* _Problem_:
Please take the lines from the one holding "18K Gold-Plated Stainless" through the one holding "6313 Stoneham Ln, McLean, VA 22101 - Photo 1" in the data below and copy them exactly.

* _Source material_:

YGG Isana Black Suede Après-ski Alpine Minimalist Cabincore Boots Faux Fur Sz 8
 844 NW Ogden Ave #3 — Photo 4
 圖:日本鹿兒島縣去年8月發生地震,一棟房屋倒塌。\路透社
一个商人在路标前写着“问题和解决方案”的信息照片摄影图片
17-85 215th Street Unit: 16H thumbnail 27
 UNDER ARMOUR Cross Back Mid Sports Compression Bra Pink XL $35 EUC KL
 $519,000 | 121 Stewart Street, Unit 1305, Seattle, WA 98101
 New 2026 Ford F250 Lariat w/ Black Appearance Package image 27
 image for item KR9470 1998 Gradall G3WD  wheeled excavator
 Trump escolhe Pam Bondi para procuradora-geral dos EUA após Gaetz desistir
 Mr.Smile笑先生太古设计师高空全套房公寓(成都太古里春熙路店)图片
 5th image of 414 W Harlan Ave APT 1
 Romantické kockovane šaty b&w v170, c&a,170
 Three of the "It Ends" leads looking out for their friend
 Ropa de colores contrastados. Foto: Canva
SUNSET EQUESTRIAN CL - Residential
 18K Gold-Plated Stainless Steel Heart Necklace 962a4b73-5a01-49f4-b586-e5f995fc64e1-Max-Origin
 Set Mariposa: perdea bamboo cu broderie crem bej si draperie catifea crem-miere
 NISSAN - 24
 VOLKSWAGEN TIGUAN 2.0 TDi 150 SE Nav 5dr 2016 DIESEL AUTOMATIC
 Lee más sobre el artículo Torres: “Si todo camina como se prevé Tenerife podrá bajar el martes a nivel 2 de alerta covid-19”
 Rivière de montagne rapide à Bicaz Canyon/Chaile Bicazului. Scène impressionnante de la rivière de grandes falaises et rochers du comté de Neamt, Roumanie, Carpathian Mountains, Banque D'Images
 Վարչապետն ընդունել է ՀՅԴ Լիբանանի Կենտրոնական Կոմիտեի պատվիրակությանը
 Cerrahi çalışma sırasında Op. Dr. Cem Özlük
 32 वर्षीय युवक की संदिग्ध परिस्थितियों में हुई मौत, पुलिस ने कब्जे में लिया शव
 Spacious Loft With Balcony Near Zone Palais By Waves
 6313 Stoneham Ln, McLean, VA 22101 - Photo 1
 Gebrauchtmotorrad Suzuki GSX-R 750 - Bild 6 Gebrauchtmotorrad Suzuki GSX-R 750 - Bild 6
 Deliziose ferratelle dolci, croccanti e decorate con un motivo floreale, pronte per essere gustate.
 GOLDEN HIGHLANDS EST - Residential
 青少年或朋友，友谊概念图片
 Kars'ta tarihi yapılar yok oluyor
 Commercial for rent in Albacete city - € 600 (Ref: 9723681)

* _Solution to the exercise_:
 18K Gold-Plated Stainless Steel Heart Necklace 962a4b73-5a01-49f4-b586-e5f995fc64e1-Max-Origin
 Set Mariposa: perdea bamboo cu broderie crem bej si draperie catifea crem-miere
 NISSAN - 24
 VOLKSWAGEN TIGUAN 2.0 TDi 150 SE Nav 5dr 2016 DIESEL AUTOMATIC
 Lee más sobre el artículo Torres: “Si todo camina como se prevé Tenerife podrá bajar el martes a nivel 2 de alerta covid-19”
 Rivière de montagne rapide à Bicaz Canyon/Chaile Bicazului. Scène impressionnante de la rivière de grandes falaises et rochers du comté de Neamt, Roumanie, Carpathian Mountains, Banque D'Images
 Վարչապետն ընդունել է ՀՅԴ Լիբանանի Կենտրոնական Կոմիտեի պատվիրակությանը
 Cerrahi çalışma sırasında Op. Dr. Cem Özlük
 32 वर्षीय युवक की संदिग्ध परिस्थितियों में हुई मौत, पुलिस ने कब्जे में लिया शव
 Spacious Loft With Balcony Near Zone Palais By Waves
 6313 Stoneham Ln, McLean, VA 22101 - Photo 1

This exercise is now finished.